- **SOURCE MATERIAL**
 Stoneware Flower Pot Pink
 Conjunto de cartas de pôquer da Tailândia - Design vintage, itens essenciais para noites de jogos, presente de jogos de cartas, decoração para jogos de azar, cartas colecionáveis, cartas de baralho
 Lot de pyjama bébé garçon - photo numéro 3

--

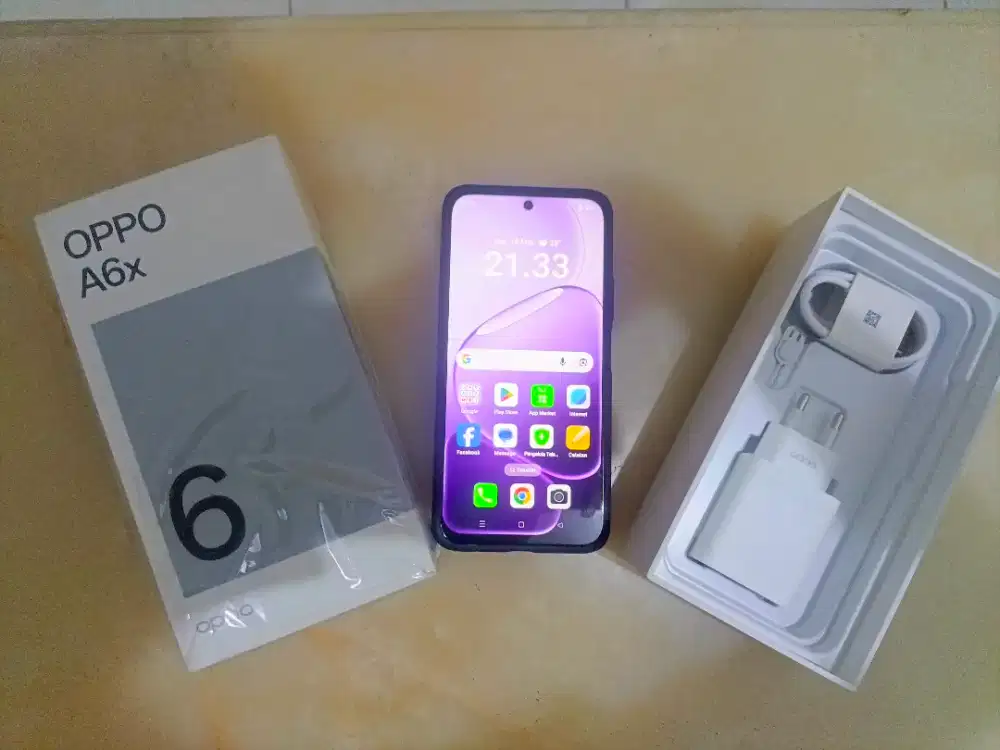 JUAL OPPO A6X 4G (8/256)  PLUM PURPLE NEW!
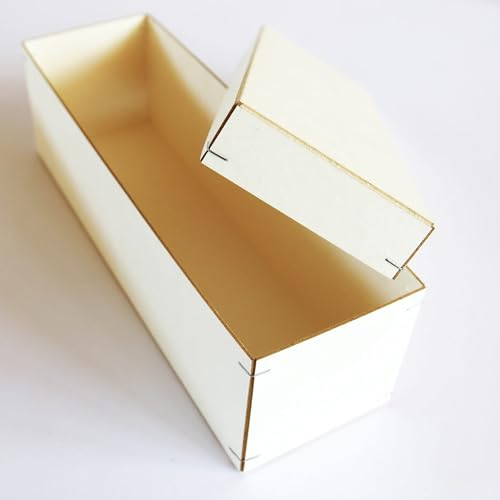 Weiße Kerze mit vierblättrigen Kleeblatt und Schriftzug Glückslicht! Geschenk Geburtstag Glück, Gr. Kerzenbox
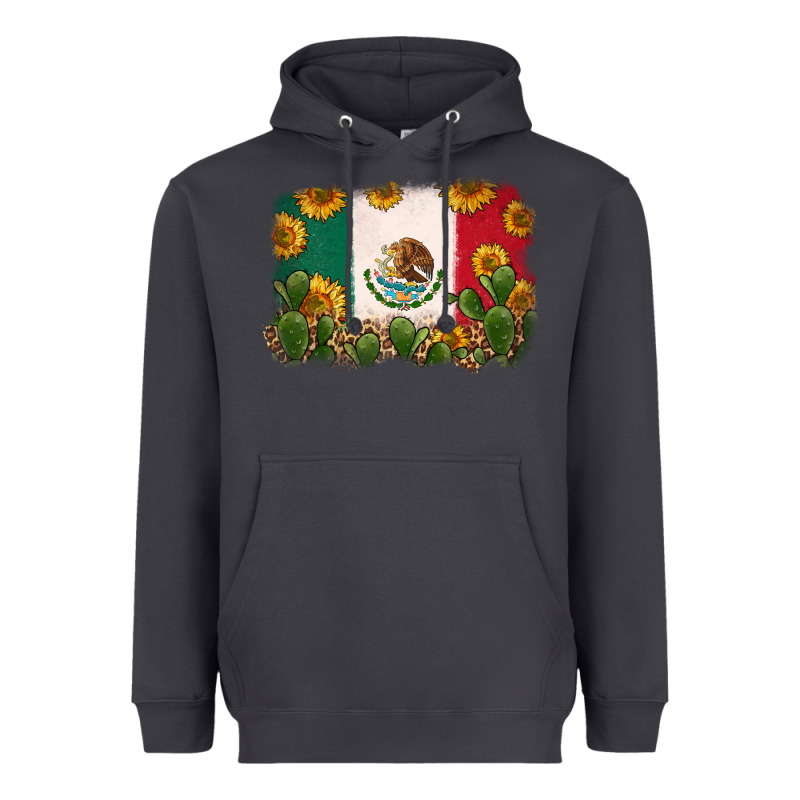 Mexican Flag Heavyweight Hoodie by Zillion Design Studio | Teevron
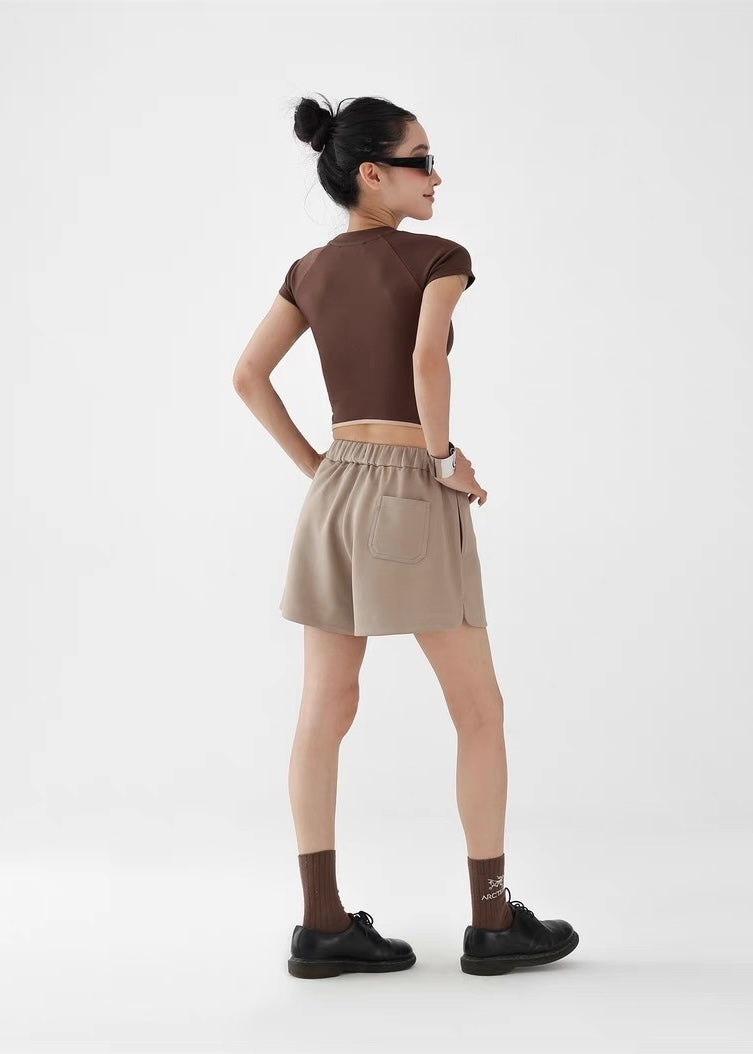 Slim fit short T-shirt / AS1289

- **PROBLEM DETAILS**
Produce only the lines from the line containing "Stoneware Flower Pot Pink" through the line containing "Lot de pyjama bébé garçon - photo numéro 3", inclusive of both, exactly as they stand in the entries above.

- **SOLVED PROBLEM**
 Stoneware Flower Pot Pink
 Conjunto de cartas de pôquer da Tailândia - Design vintage, itens essenciais para noites de jogos, presente de jogos de cartas, decoração para jogos de azar, cartas colecionáveis, cartas de baralho
 Lot de pyjama bébé garçon - photo numéro 3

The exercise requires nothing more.